Ruteng, Idenusantara.com – Komitmen untuk mewujudkan kesetaraan gender di setiap lini kehidupan, termasuk dalam bidang olahraga, semakin nyata dihadirkan di Kabupaten Manggarai, Flores, NTT.
Komitmen tersebut ditunjukan dengan peresmian Proyek Girls Football 3.0 oleh Yayasan Plan Internasional Indonesia yang bekerja sama dengan Pemerintah Kabupaten Manggarai.
Dipantau langsung oleh media ini, para peserta dan undangan dengan penuh antusias mengikuti seluruh rangkaian kegiatan yang dilaksanakan di SMPN 2 Langke Rembong pada Rabu (16/7/2025).
Turut hadir dalam kesempatan tersebut, Forkompinda Kabupaten Manggarai, Pengurus Yayasan Plan Internasional Indonesia, Perwakilan Sekolah, Pengurus Askab, dan sejumlah undangan lainnya.
Peluncuran ini menegaskan upaya bersama untuk memberikan kesempatan yang sama bagi setiap anak, tanpa terkecuali, dalam mengeksplorasi potensi dan meraih impian mereka melalui sepak bola.

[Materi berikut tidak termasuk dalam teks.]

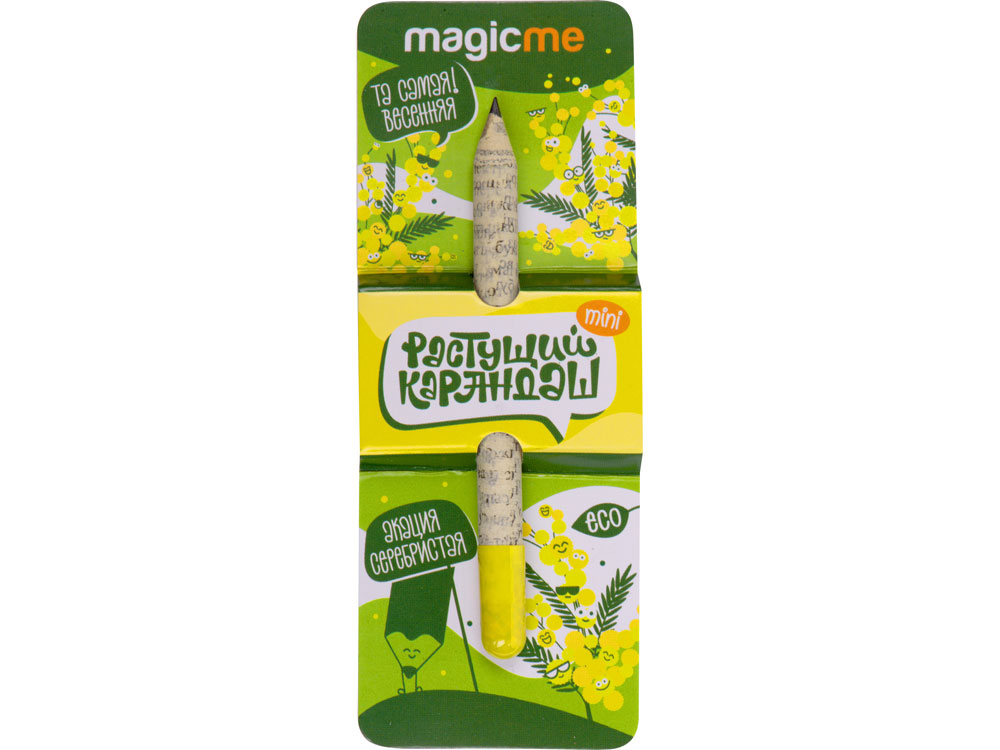Растущий карандаш mini Magicme (1шт) - Акация Серебристая, серый/желтый - купить оптом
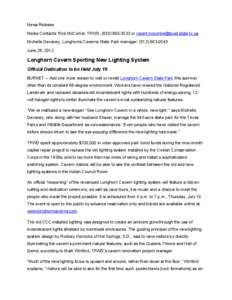 Microsoft Word - Longhorn Caverns SP Sporting New Lighting.docx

Kerja Kolaborasi Bangun Daerah
Bupati Manggarai, Herybertus G. L. Nabit, dalam sambutannya menyampaikan apresiasi mendalam atas kolaborasi strategis yang terjalin dengan Yayasan Plan International Indonesia.
Menurutnya, kehadiran Yayasan Plan sangat membantu kerja Pemerintah dalam upaya percepatan pembangunan di kabupaten Manggarai, khusunya dalam isu gender, lingkungan, pertanian, iklim dan berbagai sektor lainnya.
"Kemitraan ini sangat penting bagi pembangunan daerah kedepan. Kami berterima kasih atas dukungan Yayasan Plan yang telah ikut mengambil bagian terlibat dalam berbagai sektor kehidupan masyarakat di Manggarai," ujar Bupati Nabit.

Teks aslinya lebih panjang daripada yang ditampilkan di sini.